When I asked her for my father's cheques to be returned, I couldn't believe my ears when she replied that my cheques were in mumbai and she had NO IDEA where my father's cheques were. I couldn't even complain against the callousness and complete lack of customer service of that person because the manager wasn't in and there was no proper complaint register available.
I decided to go to mumbai and imagine my shock when they informed me that they had no problem swiping the cheques and that they would do it right away. When I told them about the complete lack of information in the Panjim branch in Goa, I was asked to fill in a feedback form. So I did, Named the branch. Named the lady. Named the problem. No idea what came of it.
Anywa, the previous cheques handed over by my dad were misplaced by the bank and so they had to be blocked while new cheques were issued and swiped. Therein ended the saga of a simple swiping of cheques.
To ANYONE who reads this and handles loan operations in ICICI, PLEASE read up your loan DO's and DON'T's before sending your customers on a DO-IT-YOURSELF trip to mumbai.

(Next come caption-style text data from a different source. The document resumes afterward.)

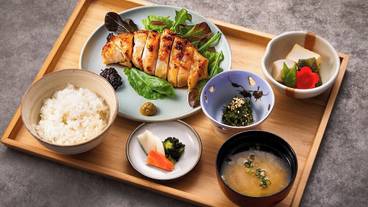 食事・飲み物 / 2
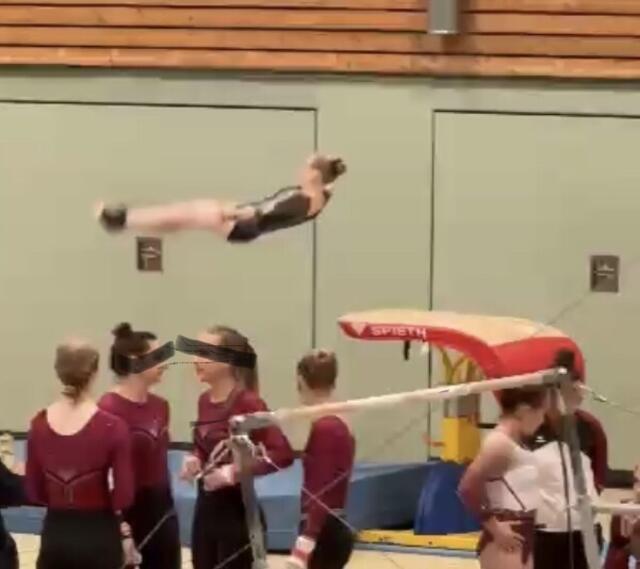 Julia Busch am Sprung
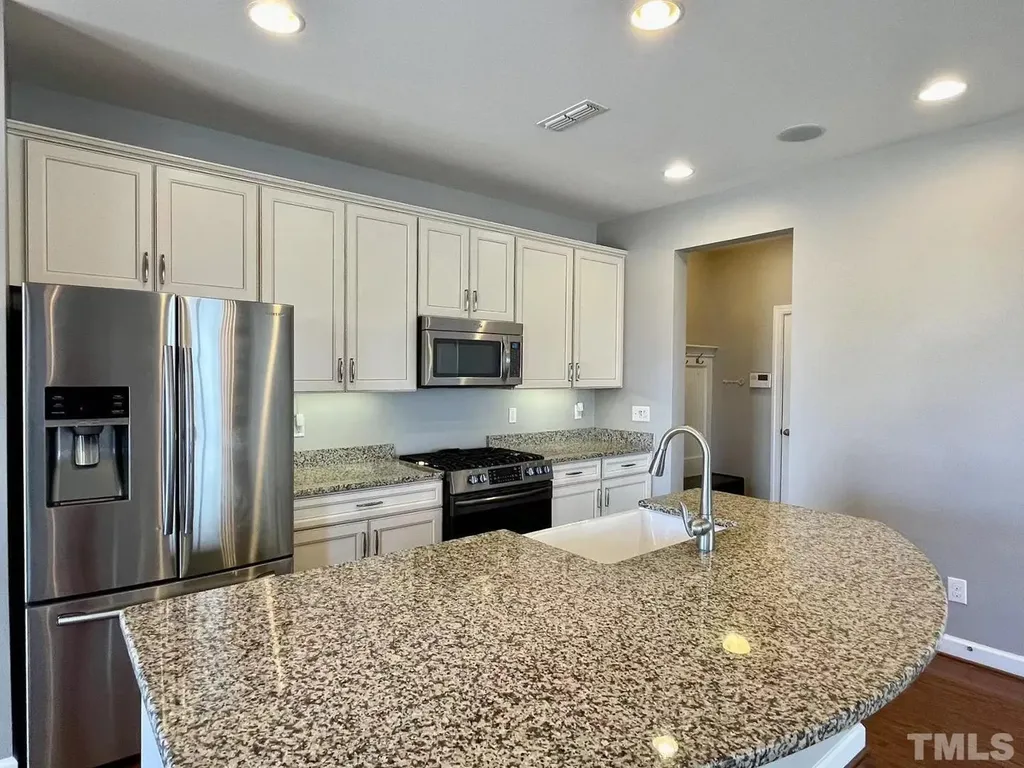 1236 Forest Fern Lane Fuquay Varina NC 27526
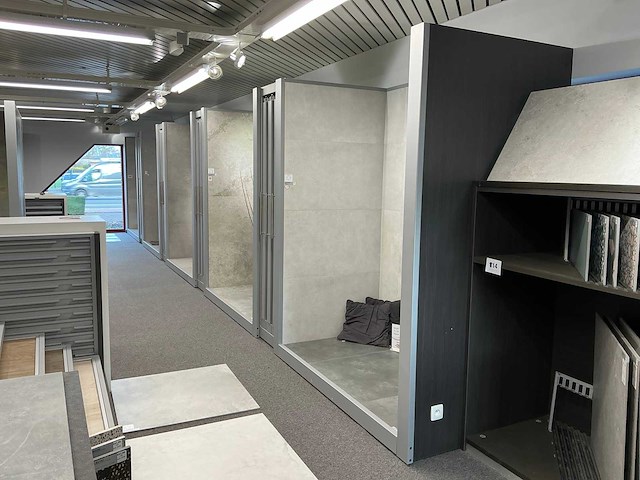 Redec presentatie opstelling - afbeelding 1 van  20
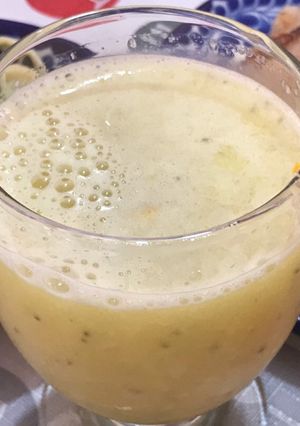 A picture of Cucumber, Orange, and Chia Smoothie.
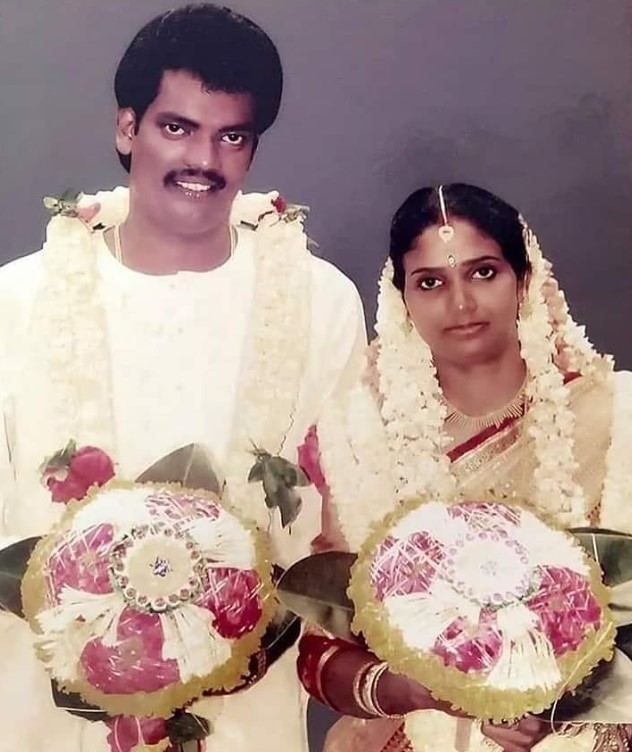 Salim Kumar with his wife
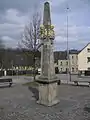 Distanzsäule (1727)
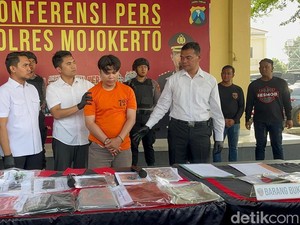 Tampang Alvi Pemutilasi Pacar Berbaju Tahanan Usai Jadi Tersangka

Saturday, October 06, 2007

'15 seconds of fame' ???

Every person wants his shot at fame. No matter how frivolous a situation, one can always find a means to ensure an allegation can be made. In this case, a lawyer has filed a case against our winning T20 team for disrespecting the national flag.
The lawyer, Arvind Sharda, filed the complaint before the Chief Judicial Magistrate, Varinder Aggarwal under the Flag Act 1871 for violating the flag code of India.
The magistrate has fixed October 23 as the date for recording evidence by the complainant in support of his complaint.
Jeez mate! We're celebrating a win! We won the cup! We're proud of being Indian! We drape the flag around ourselves! We spray champagne on each other!
There's a thin line between joyous patriotism and fanatic patriotism.
And though I would love to go on and on about this, there is only so much I can write for now. When I get back, this will be delved into much much more. Damn! I WANT TO DELVE INTO IT SO MUCH MORE!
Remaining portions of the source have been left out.